Vaugines is listed in only one of the many tour books I have on my shelves and there, in Cadogan Guide to Provence, it merits one sentence at the end of a long section about “The Pays d’Aigues.” It reads, “The D56 leads on to Vaugines, a lovely little place (the setting for many scenes in Manon des Sources and Jean de Florette) and Lourmarin.”
It is a tiny village, with a population that, on a hot summer day after the Parisians have opened their second homes, might break 600. It’s no wonder that when news broke of the Mayles’ pending move, their new residence was routinely prefaced by adjectives like “sleepy,” “slumberous,” “quiet,” and “simple.” There are no trendy shops, galleries, or gastronomic restaurants and really only one “site” that might draw the average tourist, that being a beautiful circa 12th century Romanesque church where the most poignant scene of Manon des Sources—between Yves Montand and Yvonne Gamy—is filmed.
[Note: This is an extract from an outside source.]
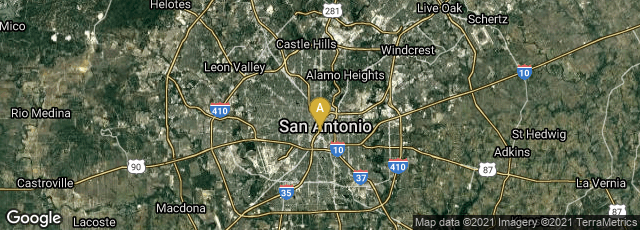 Detail map of San Antonio, Texas, United States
Although we didn’t know it at the time, we first became acquainted with Vaugines through these two movies. Jean de Florette and its sequel Manon des Sources (Manon of the Spring) are adapted from Marcel Pagnol’s two-part novel, L’Eau des Collines published in 1966. Filmed nearly thirty years ago in 1986, many people—my husband and me included—feel that these are two of the finest French movies ever made.
The movies were directed by Claude Berri and filmed together, over a thirty-week period, at a cost of $17 million, which was, at that time the most expensive movie production ever filmed in France. Each movie was nominated for numerous César awards in 1987 –Daniel Auteuil won “Best Actor” and Emmanuelle Béart won “Best Actress in a Supporting Role” for their roles in Manon des Sources. Other nominations and awards followed (e.g., BAFTA and Golden Globes).
As the Cadogan Guide states, the D56 (from Cucuron) does lead into Vaugines and, serendipitously, directly to the Eglise St Barthélémy. There, at the edge of the village, set behind five majestic plane trees, lies this unassuming but beautiful church that dates, in part, back to the 11th century. One is immediately struck by the graceful lines of the church—I wish I knew more about architecture of that period so I could describe them adequately.
Apparently, a chapel was built on the grounds in the 11th century. According to my English translation of the information from Les Amis de St Barthélémy, “The apse in the vault of the church, in a square massif and the southern apse” are all that is left of the chapel. By the 13th century, a church was built on the remains of the chapel, but would be abandoned from 1350 to 1450 during which time the whole area suffered the consequences of the plague, war, and famine.
In 1470, the village came to life again and the church took the name of Saint Barthélémy. In 1556, reparations of the church grew more ambitious and in 1630, work continued for the next 100 years, culminating in the church one sees today.
In 2000, the church was classified as a historical monument and today efforts are underway by volunteer group “Friends of Saint Barthélémy Church” to restore the church.
From the church, a meandering walk along tiny lanes lined with stone houses and pretty doorways to the center of the village, is easy and lovely. The Place de la Mairie is dominated by an attractive fountain (also in Manon des Sources) around which both cars and pedestrians make their way (since there are not many of either).
The Mairie (Town Hall) dates back to the 19th century and is adorned a campanile on its clock tower. There are two cafes, including one—L’Origan—that serves a very good pizza (after 7:00 p.m., if I recall correctly). In the warm months, dining outside is very inviting.
The road loops back to Saint Barthélémy Church where you will have another opportunity to take a seat on the same stone bench where the heart-wrenching scene between Yves Montand and Yvonne Gamy takes place.
We are not the only ones drawn to the benches of Saint Barthélémy Church. One year, we had the genuine pleasure of meeting a couple—an older man and woman from Avignon—who were seated on a stone bench immediately in front of the church. It was such a peaceful scene that we asked the couple if they minded having their photos taken, an inquiry that led to a very pleasant conversation (as well as nice photos). We parted ways, not imagining that we would ever cross paths again. Remarkably, the next year we met again in the very same spot. We chatted again and, this time, exchanged contact information, which led to correspondence over the years and, now, we have planned a rendezvous with them in the near future in another area of Provence.
I wonder if Peter Mayle and his wife sit on these benches, reflecting on movies, books, acquaintances, and the circuitous path they followed from London to this tiny slumberous village. It is an inspiring vantage point.
Perhaps, a little time on one of the stone benches at Church will nudge Mayle back to his memoir-style of writing, a genre for which his witty, colorful and sometimes irreverent prose seems perfect. I recently picked up his The Marseilles Caper, sequel to The Vintage Caper which I thought was a fun airplane read. I am told by someone who has his finger on the pulse of the Luberon that a third book in this series will be out in Europe next year. I will continue to root for more creative nonfiction, but, in any case, Mr. Mayle, please don’t set any storylines in sleepy Vaugines.